_TO DO:_ Find the line with "Raven from Teen" in the data below. Repeat it and every line after it exactly, but not the pictures.

_RECORDED DATA:_
▬▬▬▬▬▬▬▬▬▬

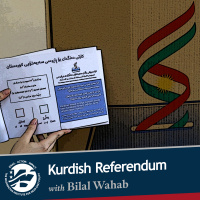 Kurdistan Referendum with Bilal Wahab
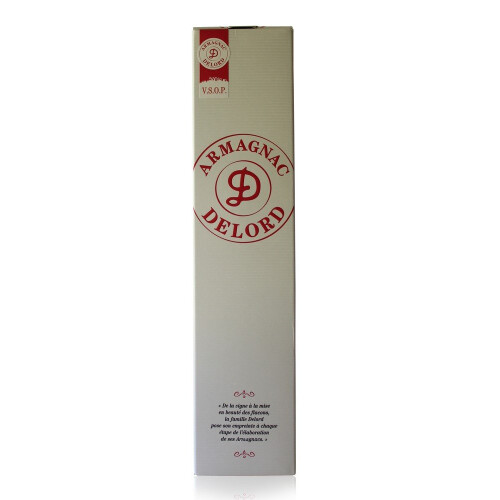 Bas Armagnac - Delord - Vsop - 70cl 2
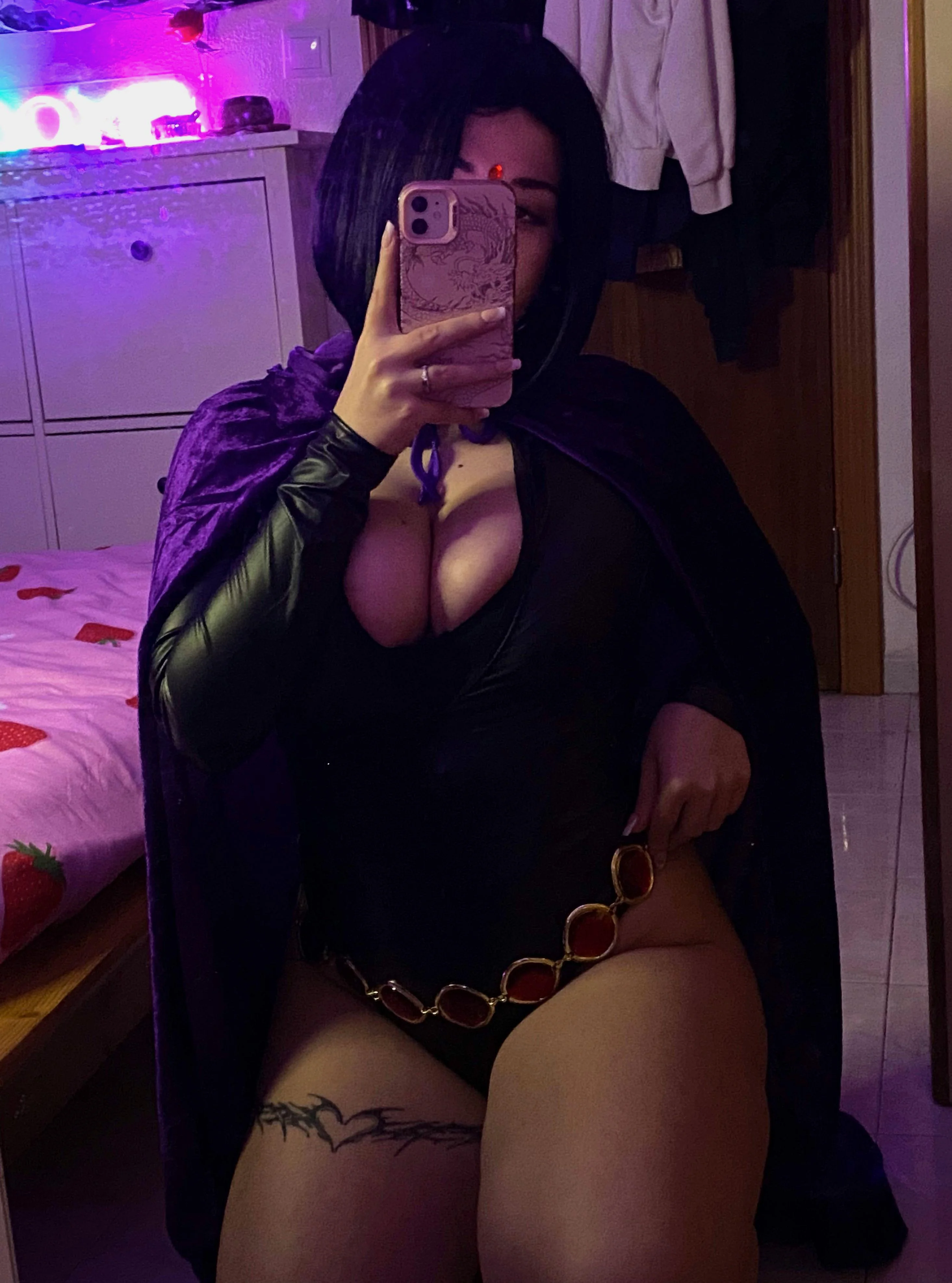 Raven from Teen Titans by (alexacutie) picture 1 of 1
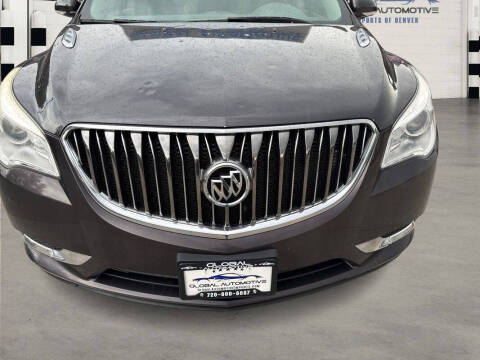 2016 Buick Enclave Premium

▬▬▬▬▬▬▬▬▬▬

_RESPONSE FOR THIS EXERCISE:_
 Raven from Teen Titans by (alexacutie) picture 1 of 1
 2016 Buick Enclave Premium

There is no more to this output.